→ What to work on:
Beginning at the top of the data below, write out every line exactly until you reach the line with "Illustration of tick removal.", and include that line.

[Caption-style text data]
== Segment start ==

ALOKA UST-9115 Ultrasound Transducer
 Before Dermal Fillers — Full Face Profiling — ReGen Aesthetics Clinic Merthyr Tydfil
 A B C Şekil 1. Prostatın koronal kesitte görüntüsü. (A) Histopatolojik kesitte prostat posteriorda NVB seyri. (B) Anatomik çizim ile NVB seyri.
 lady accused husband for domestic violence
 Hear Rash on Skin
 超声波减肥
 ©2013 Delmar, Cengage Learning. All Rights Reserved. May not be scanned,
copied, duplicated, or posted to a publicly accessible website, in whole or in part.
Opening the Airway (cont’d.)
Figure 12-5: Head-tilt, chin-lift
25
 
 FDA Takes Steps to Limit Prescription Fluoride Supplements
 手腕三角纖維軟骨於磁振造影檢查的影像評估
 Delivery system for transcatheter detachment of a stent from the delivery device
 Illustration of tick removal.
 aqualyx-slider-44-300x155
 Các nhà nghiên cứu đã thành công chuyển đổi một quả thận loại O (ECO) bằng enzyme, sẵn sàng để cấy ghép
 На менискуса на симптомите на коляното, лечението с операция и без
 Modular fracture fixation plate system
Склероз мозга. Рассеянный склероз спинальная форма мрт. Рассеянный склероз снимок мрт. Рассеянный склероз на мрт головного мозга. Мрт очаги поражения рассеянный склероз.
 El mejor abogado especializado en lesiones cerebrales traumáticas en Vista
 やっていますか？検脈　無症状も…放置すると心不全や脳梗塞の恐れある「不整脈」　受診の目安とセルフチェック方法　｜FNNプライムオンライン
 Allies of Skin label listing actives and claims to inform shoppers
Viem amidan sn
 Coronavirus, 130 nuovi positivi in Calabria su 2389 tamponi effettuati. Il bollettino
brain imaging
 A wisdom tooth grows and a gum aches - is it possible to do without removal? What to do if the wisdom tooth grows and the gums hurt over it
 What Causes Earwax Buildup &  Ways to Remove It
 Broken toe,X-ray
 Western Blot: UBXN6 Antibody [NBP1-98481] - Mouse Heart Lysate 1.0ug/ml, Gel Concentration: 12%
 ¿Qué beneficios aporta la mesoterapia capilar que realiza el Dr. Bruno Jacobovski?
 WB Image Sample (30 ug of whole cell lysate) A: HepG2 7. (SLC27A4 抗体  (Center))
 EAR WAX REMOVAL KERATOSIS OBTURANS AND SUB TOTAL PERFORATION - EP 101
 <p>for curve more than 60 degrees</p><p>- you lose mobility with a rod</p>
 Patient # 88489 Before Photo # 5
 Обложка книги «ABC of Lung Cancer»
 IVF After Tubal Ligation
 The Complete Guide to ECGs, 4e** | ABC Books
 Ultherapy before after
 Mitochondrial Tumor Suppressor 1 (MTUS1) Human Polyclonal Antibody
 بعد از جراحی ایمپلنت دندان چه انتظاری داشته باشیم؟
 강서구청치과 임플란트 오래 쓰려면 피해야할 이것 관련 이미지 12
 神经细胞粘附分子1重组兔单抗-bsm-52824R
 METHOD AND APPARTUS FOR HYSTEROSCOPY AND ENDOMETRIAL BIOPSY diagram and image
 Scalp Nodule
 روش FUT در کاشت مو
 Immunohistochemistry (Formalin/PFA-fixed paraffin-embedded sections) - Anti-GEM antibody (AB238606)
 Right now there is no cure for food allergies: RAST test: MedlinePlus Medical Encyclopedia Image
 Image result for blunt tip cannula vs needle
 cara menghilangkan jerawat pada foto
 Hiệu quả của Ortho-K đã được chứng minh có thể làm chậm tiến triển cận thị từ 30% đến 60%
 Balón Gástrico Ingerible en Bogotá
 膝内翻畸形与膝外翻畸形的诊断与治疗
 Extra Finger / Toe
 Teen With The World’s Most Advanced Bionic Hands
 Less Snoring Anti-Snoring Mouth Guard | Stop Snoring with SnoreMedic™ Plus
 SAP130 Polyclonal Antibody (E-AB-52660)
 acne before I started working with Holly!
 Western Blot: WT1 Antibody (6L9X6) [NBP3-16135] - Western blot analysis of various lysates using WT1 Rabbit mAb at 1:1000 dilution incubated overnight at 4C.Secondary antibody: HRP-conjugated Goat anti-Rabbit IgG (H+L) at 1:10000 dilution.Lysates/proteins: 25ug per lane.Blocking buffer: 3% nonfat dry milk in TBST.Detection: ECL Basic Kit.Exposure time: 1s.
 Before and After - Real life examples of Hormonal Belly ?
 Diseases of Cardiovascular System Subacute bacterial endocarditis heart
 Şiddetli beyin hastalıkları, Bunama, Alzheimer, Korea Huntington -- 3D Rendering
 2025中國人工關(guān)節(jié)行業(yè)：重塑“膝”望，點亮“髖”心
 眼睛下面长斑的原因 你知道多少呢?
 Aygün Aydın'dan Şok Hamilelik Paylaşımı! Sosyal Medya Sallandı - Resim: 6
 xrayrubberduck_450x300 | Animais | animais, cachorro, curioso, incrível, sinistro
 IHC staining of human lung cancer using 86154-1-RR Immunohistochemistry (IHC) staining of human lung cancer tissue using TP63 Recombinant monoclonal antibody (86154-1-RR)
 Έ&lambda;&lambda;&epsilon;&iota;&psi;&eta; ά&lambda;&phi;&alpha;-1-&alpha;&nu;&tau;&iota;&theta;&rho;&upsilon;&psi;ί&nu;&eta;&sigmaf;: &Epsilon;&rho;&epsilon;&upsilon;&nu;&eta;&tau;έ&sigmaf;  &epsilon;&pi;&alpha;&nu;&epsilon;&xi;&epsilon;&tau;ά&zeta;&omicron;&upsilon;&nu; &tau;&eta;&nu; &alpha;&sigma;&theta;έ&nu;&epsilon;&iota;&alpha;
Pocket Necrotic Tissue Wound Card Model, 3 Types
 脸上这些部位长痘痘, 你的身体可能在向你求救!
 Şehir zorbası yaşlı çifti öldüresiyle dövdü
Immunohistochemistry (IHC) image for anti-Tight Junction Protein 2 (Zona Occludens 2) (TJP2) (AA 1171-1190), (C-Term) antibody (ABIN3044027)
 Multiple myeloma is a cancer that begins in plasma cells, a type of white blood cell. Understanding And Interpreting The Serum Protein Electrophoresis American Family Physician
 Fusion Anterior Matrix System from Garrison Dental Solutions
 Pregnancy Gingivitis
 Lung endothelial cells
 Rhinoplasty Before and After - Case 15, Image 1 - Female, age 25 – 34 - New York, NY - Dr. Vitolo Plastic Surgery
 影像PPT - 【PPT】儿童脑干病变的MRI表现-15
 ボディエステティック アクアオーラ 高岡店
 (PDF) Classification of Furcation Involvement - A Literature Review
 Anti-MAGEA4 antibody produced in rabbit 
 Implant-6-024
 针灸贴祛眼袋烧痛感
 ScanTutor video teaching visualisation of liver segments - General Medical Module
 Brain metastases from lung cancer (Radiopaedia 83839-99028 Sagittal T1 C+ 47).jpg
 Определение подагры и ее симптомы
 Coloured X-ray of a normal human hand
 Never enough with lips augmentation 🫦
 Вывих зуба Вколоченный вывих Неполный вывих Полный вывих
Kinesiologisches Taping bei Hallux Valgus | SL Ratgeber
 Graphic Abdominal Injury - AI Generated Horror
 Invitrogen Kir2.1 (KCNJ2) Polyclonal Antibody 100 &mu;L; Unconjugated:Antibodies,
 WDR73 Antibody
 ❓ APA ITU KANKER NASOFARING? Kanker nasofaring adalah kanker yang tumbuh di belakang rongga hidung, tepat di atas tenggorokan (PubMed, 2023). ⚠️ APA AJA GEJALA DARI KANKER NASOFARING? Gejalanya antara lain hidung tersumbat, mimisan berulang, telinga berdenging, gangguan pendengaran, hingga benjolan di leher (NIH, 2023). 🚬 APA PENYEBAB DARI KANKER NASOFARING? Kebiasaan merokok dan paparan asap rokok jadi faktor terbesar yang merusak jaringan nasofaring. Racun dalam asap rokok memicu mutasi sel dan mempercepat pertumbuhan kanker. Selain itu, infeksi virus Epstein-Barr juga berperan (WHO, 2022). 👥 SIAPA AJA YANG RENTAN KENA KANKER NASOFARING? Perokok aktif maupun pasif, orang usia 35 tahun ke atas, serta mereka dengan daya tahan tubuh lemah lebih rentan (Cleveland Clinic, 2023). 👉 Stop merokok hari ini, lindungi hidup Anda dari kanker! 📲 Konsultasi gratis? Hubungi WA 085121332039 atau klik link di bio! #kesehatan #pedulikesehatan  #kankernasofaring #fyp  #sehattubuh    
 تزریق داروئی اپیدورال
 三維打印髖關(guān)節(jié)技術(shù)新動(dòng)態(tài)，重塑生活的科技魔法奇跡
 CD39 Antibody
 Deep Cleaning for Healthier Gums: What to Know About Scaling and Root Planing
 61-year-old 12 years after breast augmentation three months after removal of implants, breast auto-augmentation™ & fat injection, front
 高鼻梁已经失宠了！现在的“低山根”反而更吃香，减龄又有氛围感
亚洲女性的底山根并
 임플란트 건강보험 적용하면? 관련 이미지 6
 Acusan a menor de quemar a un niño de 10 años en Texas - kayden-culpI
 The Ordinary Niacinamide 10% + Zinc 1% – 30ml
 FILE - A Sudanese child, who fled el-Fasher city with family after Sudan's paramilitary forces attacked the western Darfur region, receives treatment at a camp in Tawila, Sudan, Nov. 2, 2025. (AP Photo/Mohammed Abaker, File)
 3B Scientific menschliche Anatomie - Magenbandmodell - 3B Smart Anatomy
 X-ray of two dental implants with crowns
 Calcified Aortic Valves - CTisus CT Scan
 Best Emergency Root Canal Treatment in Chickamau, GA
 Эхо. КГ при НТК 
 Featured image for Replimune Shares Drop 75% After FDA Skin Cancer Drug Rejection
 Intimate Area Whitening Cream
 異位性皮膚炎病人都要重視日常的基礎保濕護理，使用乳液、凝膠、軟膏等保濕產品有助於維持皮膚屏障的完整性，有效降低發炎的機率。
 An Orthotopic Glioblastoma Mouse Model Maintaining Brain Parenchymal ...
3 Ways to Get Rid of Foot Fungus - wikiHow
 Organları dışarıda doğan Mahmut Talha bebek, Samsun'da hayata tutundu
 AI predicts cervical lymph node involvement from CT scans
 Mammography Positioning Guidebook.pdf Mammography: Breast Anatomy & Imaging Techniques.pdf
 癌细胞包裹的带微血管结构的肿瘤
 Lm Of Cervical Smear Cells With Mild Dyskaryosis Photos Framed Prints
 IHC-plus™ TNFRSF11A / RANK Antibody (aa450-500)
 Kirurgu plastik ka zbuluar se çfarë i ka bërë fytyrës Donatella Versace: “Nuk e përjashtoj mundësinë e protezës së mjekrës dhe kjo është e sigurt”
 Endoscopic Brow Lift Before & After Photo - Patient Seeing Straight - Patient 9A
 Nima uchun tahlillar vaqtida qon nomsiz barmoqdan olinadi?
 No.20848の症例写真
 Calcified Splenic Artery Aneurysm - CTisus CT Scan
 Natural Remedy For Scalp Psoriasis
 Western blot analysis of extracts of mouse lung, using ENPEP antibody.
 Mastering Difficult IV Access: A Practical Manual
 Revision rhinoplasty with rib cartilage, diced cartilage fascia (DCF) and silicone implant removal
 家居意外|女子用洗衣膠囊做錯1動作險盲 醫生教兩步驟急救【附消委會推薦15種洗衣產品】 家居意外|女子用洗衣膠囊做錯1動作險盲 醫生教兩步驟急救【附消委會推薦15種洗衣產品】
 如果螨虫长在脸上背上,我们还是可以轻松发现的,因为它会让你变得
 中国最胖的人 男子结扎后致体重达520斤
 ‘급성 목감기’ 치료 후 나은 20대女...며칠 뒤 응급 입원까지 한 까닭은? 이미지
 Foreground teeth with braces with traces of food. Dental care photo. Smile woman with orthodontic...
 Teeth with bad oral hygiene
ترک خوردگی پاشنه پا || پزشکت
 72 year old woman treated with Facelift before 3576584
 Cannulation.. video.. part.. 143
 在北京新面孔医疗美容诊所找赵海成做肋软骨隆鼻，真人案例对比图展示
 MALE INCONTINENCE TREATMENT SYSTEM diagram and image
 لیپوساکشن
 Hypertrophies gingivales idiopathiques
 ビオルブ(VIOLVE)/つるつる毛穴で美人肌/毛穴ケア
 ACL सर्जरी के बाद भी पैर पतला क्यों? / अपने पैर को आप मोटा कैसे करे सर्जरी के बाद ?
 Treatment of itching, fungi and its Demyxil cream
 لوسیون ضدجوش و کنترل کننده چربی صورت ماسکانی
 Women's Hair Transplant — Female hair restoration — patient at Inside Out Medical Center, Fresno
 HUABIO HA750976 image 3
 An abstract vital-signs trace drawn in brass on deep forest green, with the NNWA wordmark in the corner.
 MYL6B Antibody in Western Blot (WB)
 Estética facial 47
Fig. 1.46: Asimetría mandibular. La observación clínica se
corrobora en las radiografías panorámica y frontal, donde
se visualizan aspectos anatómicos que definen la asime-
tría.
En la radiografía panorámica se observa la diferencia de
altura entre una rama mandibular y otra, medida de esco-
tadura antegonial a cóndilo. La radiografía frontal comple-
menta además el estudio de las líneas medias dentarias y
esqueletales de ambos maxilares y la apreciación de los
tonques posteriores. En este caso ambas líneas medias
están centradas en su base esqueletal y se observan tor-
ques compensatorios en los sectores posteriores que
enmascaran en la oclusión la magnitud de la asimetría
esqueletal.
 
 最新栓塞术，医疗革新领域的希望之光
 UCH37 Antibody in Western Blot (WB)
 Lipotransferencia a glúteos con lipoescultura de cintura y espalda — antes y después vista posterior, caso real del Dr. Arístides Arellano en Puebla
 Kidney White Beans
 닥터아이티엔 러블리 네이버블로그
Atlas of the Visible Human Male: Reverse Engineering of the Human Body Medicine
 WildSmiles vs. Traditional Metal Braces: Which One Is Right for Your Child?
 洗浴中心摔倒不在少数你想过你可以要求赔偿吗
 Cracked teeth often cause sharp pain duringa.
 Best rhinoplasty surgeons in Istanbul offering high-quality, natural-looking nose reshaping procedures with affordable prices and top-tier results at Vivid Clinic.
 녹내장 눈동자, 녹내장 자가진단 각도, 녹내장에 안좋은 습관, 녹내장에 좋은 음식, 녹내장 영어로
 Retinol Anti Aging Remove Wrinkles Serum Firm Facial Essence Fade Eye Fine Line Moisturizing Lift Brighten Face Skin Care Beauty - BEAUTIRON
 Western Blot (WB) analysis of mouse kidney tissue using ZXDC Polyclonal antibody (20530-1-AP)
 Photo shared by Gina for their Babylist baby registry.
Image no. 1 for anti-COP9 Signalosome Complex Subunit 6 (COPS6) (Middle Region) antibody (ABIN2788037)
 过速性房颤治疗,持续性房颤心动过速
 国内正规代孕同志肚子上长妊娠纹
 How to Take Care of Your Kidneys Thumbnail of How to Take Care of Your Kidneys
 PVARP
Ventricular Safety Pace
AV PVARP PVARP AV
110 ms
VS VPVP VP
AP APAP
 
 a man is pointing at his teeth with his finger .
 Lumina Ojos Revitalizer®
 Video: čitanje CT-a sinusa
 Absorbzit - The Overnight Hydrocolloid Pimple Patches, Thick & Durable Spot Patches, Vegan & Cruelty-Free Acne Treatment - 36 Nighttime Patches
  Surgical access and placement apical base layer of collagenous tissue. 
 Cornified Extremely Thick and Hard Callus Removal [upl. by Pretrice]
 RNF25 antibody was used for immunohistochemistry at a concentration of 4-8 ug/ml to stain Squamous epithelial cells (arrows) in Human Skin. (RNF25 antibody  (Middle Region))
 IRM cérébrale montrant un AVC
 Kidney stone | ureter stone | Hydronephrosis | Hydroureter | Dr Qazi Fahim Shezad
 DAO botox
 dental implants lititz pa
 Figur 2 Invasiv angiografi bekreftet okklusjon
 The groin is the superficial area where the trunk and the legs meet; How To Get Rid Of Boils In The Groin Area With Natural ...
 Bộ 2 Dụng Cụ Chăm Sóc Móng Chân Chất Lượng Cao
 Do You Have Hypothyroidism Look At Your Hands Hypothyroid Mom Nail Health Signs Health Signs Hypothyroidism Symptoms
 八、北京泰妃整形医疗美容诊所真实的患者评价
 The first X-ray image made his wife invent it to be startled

== Segment end ==

→ Result:
ALOKA UST-9115 Ultrasound Transducer
 Before Dermal Fillers — Full Face Profiling — ReGen Aesthetics Clinic Merthyr Tydfil
 A B C Şekil 1. Prostatın koronal kesitte görüntüsü. (A) Histopatolojik kesitte prostat posteriorda NVB seyri. (B) Anatomik çizim ile NVB seyri.
 lady accused husband for domestic violence
 Hear Rash on Skin
 超声波减肥
 ©2013 Delmar, Cengage Learning. All Rights Reserved. May not be scanned,
copied, duplicated, or posted to a publicly accessible website, in whole or in part.
Opening the Airway (cont’d.)
Figure 12-5: Head-tilt, chin-lift
25
 
 FDA Takes Steps to Limit Prescription Fluoride Supplements
 手腕三角纖維軟骨於磁振造影檢查的影像評估
 Delivery system for transcatheter detachment of a stent from the delivery device
 Illustration of tick removal.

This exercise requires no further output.